** Source material follows **

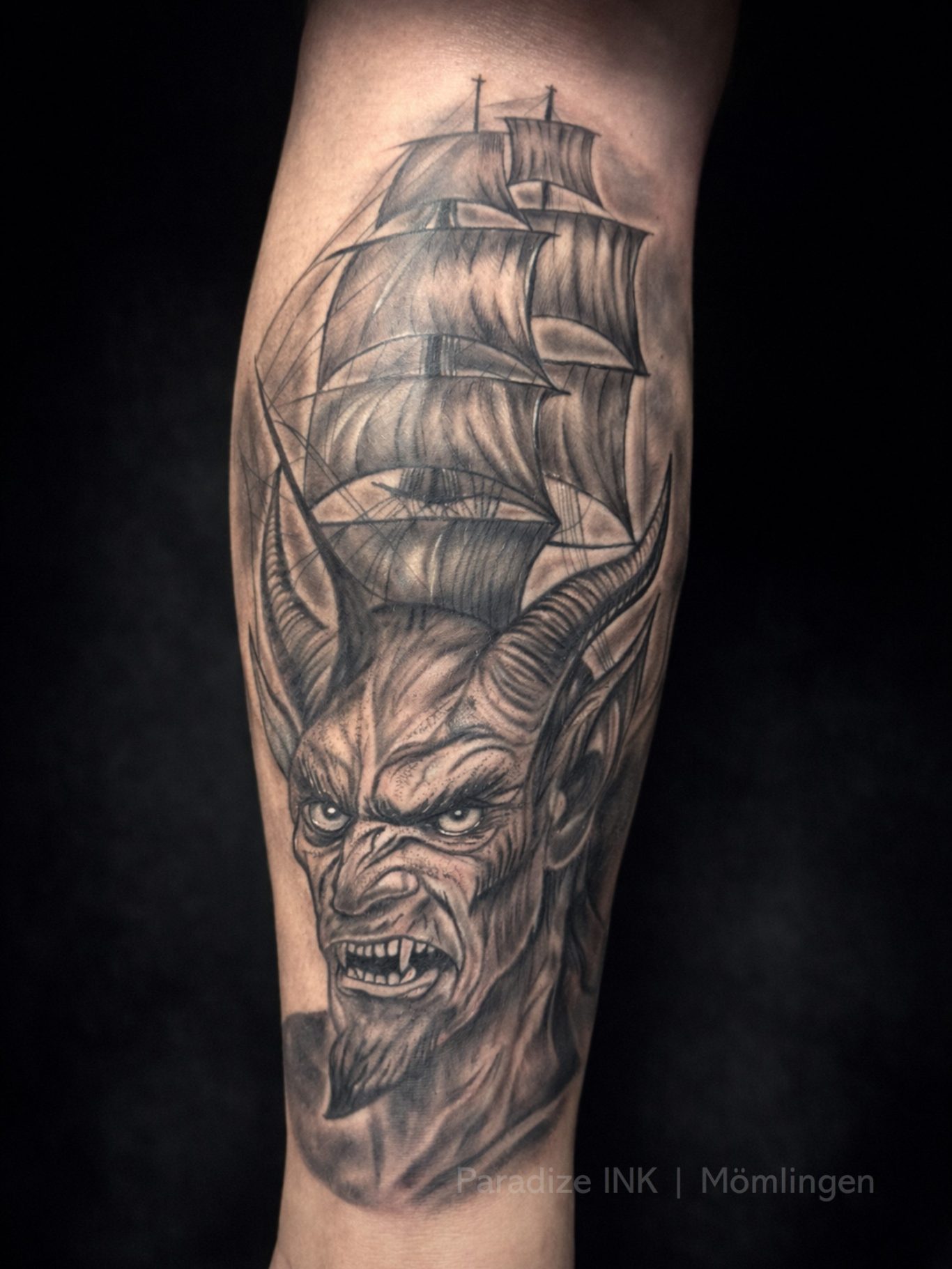 Paradize INK Tattoo Mömlingen Tattoo eines geflügelten Wesens mit einem Schiff im Hintergrund.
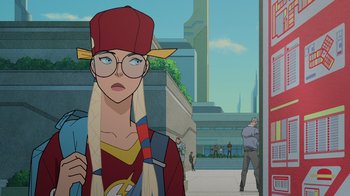 Movie still from “Legion of Super-Heroes” (2023), directed by Jeff Wamester – A woman with a hat and glasses is standing in front of a building; Medium shot, Over the shoulder angle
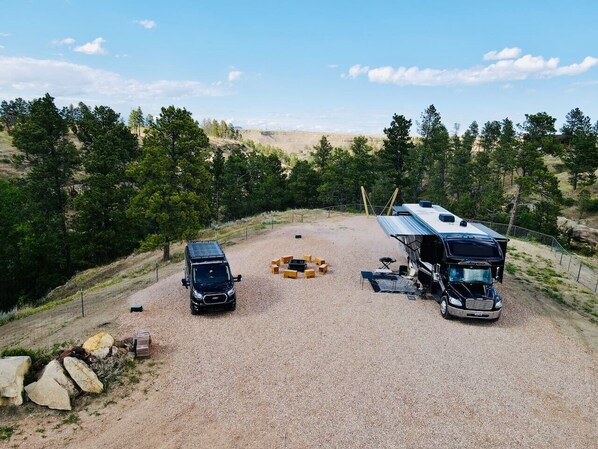 A gravel parking area with two RVs and a car, surrounded by trees and a hilly landscape.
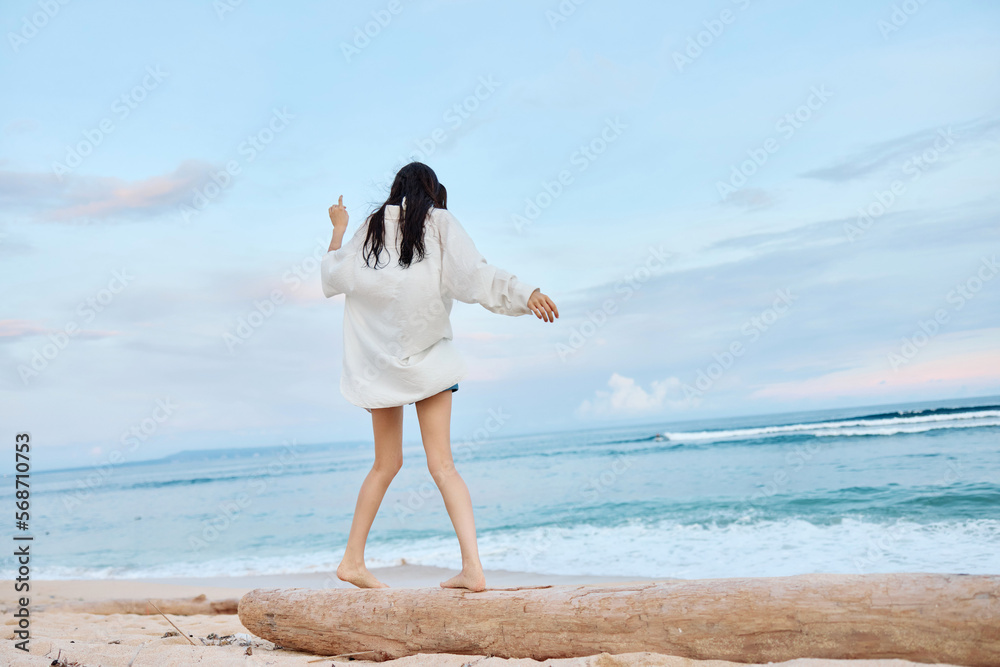 Happy tanned woman in white swimsuit shirt and denim shorts walks the beach on a log on the sand by the ocean with wet hair after swimming, sunset light in Bali Happy tanned woman in white swimsuit shirt and denim shorts walks the beach on a log on the sand by the ocean with wet hair after swimming, sunset light in Bali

** End of Source material **

-- About this exercise --
Set down the whole listing word for word, omitting the pictures.

-- Problem solution --
 Paradize INK Tattoo Mömlingen Tattoo eines geflügelten Wesens mit einem Schiff im Hintergrund.
 Movie still from “Legion of Super-Heroes” (2023), directed by Jeff Wamester – A woman with a hat and glasses is standing in front of a building; Medium shot, Over the shoulder angle
 A gravel parking area with two RVs and a car, surrounded by trees and a hilly landscape.
 Happy tanned woman in white swimsuit shirt and denim shorts walks the beach on a log on the sand by the ocean with wet hair after swimming, sunset light in Bali Happy tanned woman in white swimsuit shirt and denim shorts walks the beach on a log on the sand by the ocean with wet hair after swimming, sunset light in Bali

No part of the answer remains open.